No more we doubt Thee,
Glorious Prince of life;
Life is naught without Thee;
Aid us in our strife;
Make us more than conquerors,
Through Thy deathless love:
Bring us safe through Jordan
To Thy home above.

Refrain

~Words: Edmond Budry (Translated from French to English by Richard Hoyle) & Music: George F. Handel

Saturday, April 15, 2017

Holy Saturday

My brothers, it was to us that this message of salvation was sent forth. The inhabitants of Jerusalem and their rulers failed to recognize him, and in condemning him they fulfilled the words of the prophets which we read sabbath after sabbath. Even though they found no charge against him which deserved death, they begged Pilate to have him executed. Once they had brought about all that had been written of him, they took him down from the tree and laid him in a tomb.

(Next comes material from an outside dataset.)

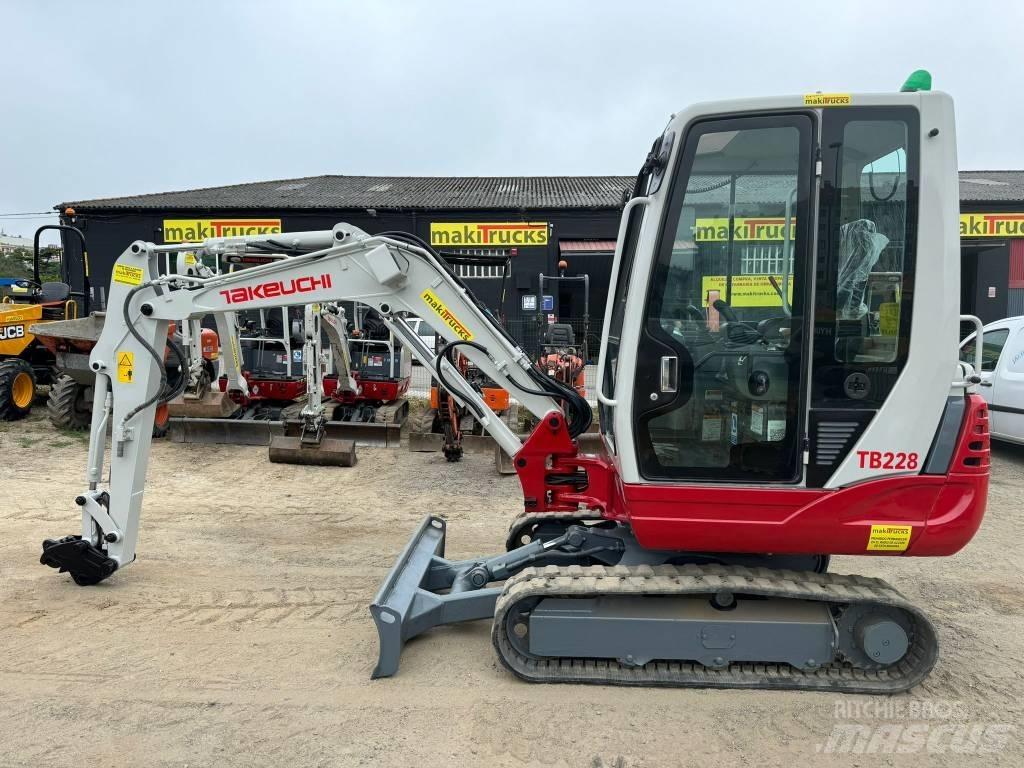 Takeuchi TB228 Εκσκαφάκι (διαβολάκι) < 7t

Yet God raised him from the dead.
~Acts 13:26-30

Friday, April 14, 2017

Good Friday Hymn

Jesus, Our Savior, Lord Of All the Nations

Refrain:
Hear us, almighty Lord, show us your mercy
Sinners, we stand here before you.

Jesus, our Savior, Lord of all the nations,
Christ our Redeemer, hear the prayers we offer,
Spare us and save us, comfort us in sorrow.

Refrain

Word of the Father, keystone of God’s building,
Source of our gladness, gateway to the Kingdom,
Free us in mercy from the sins that bind us.

Refrain

God of compassion, Lord of might and splendor,
Graciously listen, hear our cries of anguish.
Touch us, and heal us where our sins have wounded.

Refrain

Humbly confessing that we have offended,
Stripped of illusions, naked in our sorrow,
Pardon, Lord Jesus, those your blood has ransomed.

Refrain

Innocent captive, you were led to slaughter,
Sentenced by sinners when they brought false witness.
Keep from damnation those your death has rescued.

Refrain:
Hear us, almighty Lord, show us your mercy
Sinners, we stand here before you.

Tune: Attende Domine 11.11.11 with Refrain
Music: Gregorian, Mode V
Text: Latin, tenth century
Translation: Ralph Wright, OSB, 1938-

Thursday, April 13, 2017

Sonnet for Maundy Thursday

Here is the source of every sacrament,
The all-transforming presence of the Lord,
Replenishing our every element
Remaking us in his creative Word.
For here the earth herself gives bread and wine,
The air delights to bear his Spirit’s speech,
The fire dances where the candles shine,
The waters cleanse us with His gentle touch.
And here He shows the full extent of love
To us whose love is always incomplete,
In vain we search the heavens high above,
The God of love is kneeling at our feet.
Though we betray Him, though it is the night.
He meets us here and loves us into light.